(LISTED ENTRIES Opens)
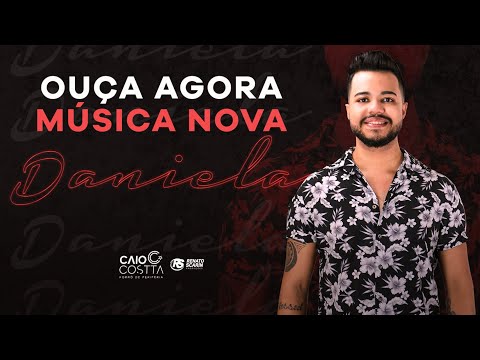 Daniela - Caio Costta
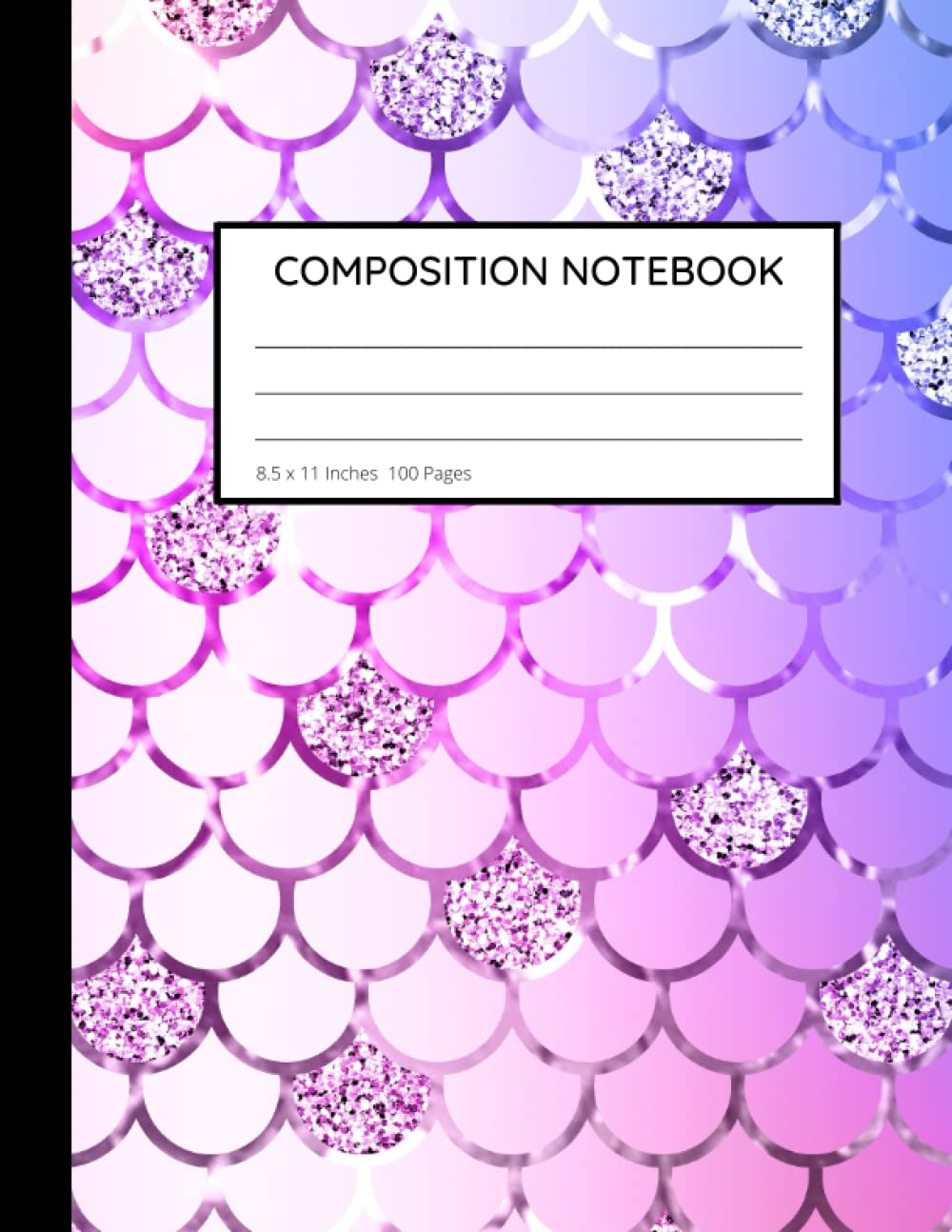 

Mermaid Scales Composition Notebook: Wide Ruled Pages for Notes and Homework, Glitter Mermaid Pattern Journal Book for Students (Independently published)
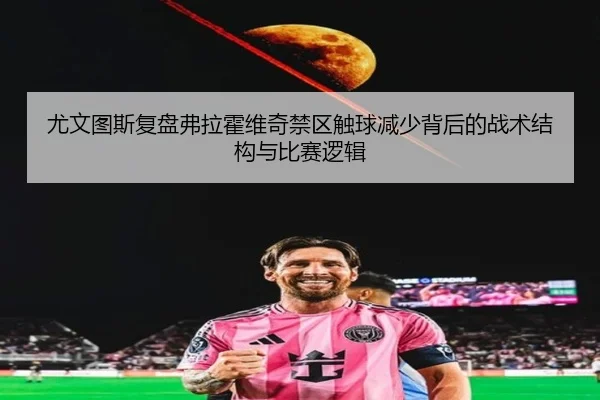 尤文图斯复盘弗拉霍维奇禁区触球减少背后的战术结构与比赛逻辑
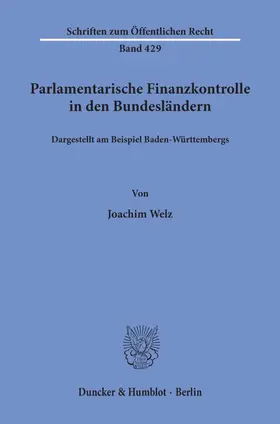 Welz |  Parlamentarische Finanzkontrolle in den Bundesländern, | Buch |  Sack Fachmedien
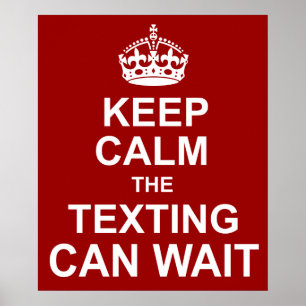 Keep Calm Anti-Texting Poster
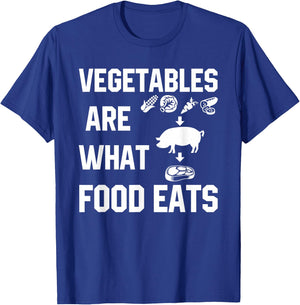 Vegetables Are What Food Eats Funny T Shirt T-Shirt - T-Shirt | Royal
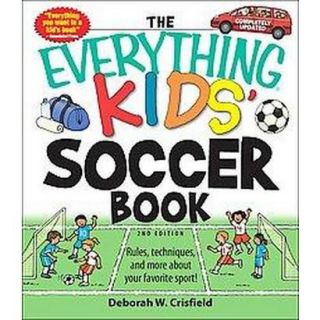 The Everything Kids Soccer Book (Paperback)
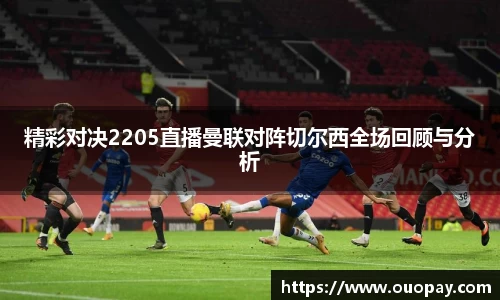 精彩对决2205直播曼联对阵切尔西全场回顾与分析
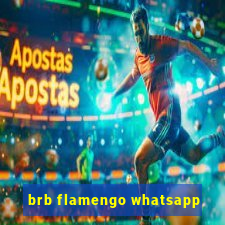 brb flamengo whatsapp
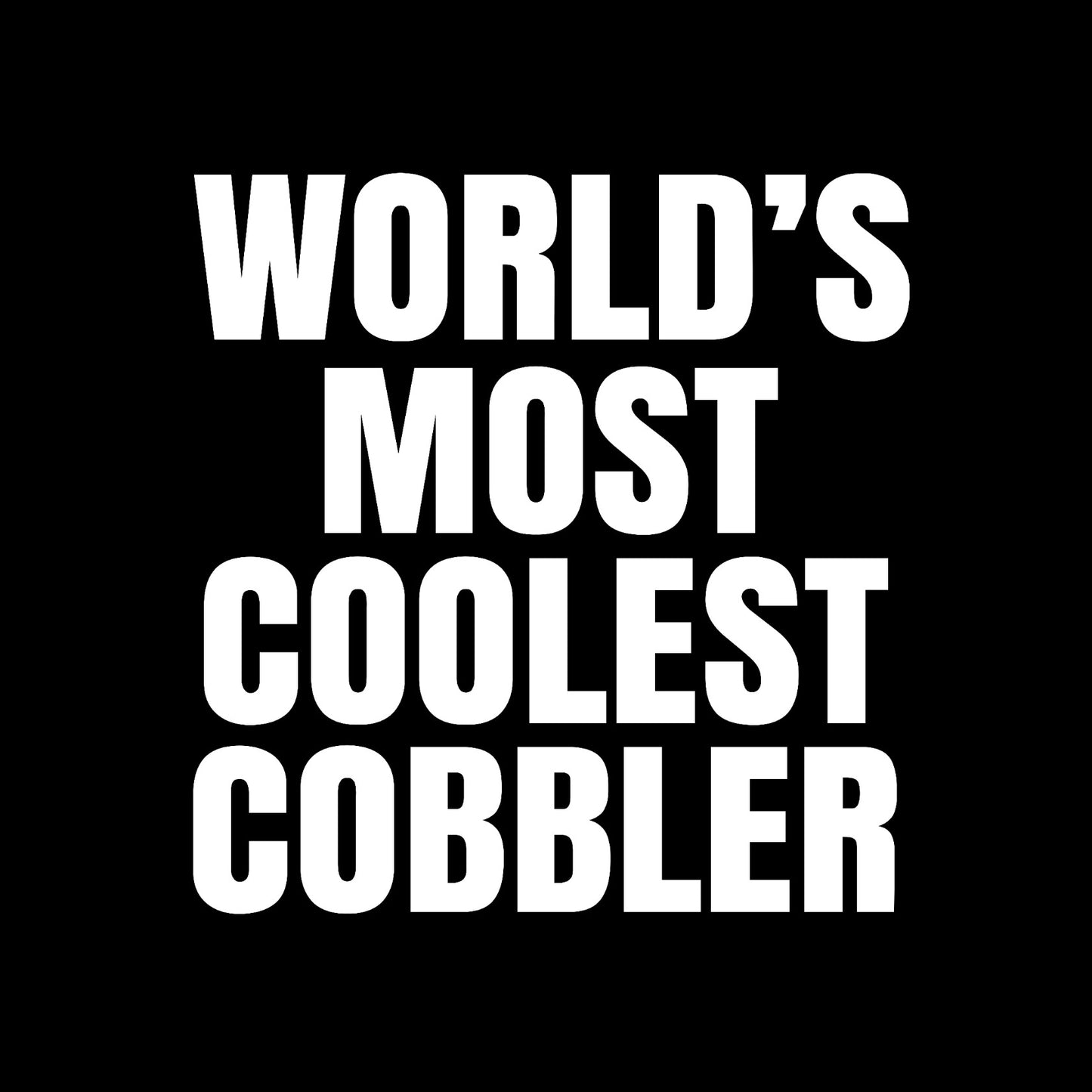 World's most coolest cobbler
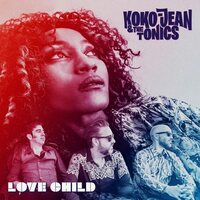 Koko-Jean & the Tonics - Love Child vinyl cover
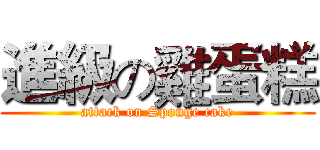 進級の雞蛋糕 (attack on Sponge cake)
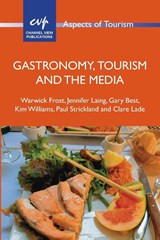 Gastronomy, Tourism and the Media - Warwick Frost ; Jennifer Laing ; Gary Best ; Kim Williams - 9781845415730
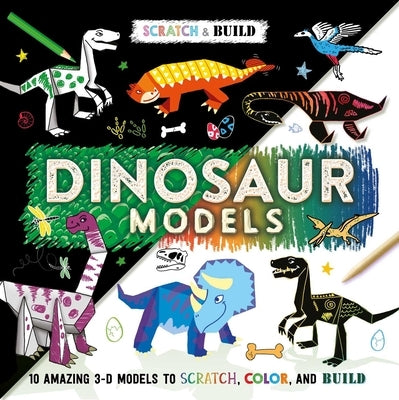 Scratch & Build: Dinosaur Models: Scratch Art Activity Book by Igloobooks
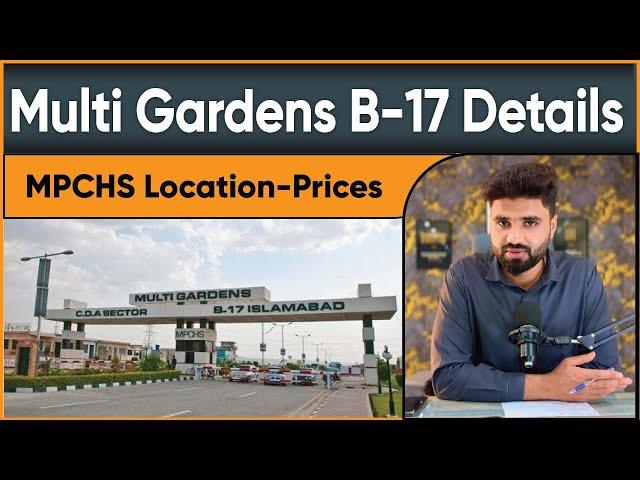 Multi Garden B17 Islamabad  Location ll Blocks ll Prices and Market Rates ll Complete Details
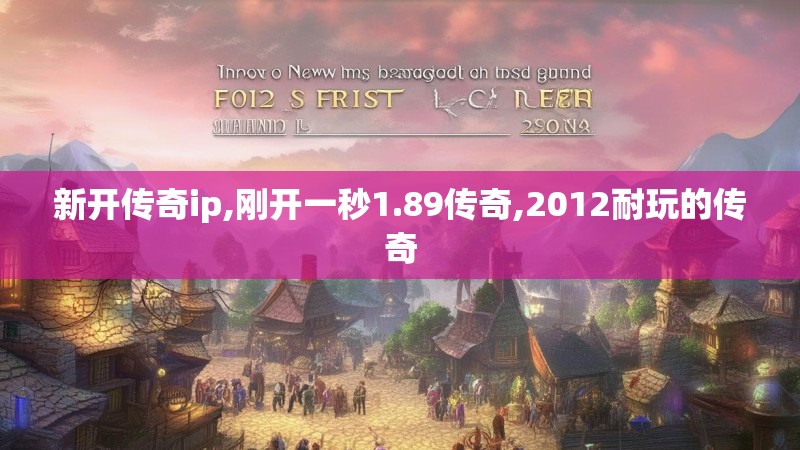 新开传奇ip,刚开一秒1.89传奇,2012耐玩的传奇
(LISTED ENTRIES Closes)
TASK GOAL: Reproduce the full listing faithfully, but do not carry over any pictures.

ANSWER SPACE:
 Daniela - Caio Costta

Mermaid Scales Composition Notebook: Wide Ruled Pages for Notes and Homework, Glitter Mermaid Pattern Journal Book for Students (Independently published)
 尤文图斯复盘弗拉霍维奇禁区触球减少背后的战术结构与比赛逻辑
 Welz |  Parlamentarische Finanzkontrolle in den Bundesländern, | Buch |  Sack Fachmedien
 Keep Calm Anti-Texting Poster
 Vegetables Are What Food Eats Funny T Shirt T-Shirt - T-Shirt | Royal
 The Everything Kids Soccer Book (Paperback)
 精彩对决2205直播曼联对阵切尔西全场回顾与分析
 brb flamengo whatsapp
 World's most coolest cobbler
 Koko-Jean & the Tonics - Love Child vinyl cover
 進級の雞蛋糕 (attack on Sponge cake)
 Gastronomy, Tourism and the Media - Warwick Frost ; Jennifer Laing ; Gary Best ; Kim Williams - 9781845415730
 Scratch & Build: Dinosaur Models: Scratch Art Activity Book by Igloobooks
 Multi Garden B17 Islamabad  Location ll Blocks ll Prices and Market Rates ll Complete Details
 新开传奇ip,刚开一秒1.89传奇,2012耐玩的传奇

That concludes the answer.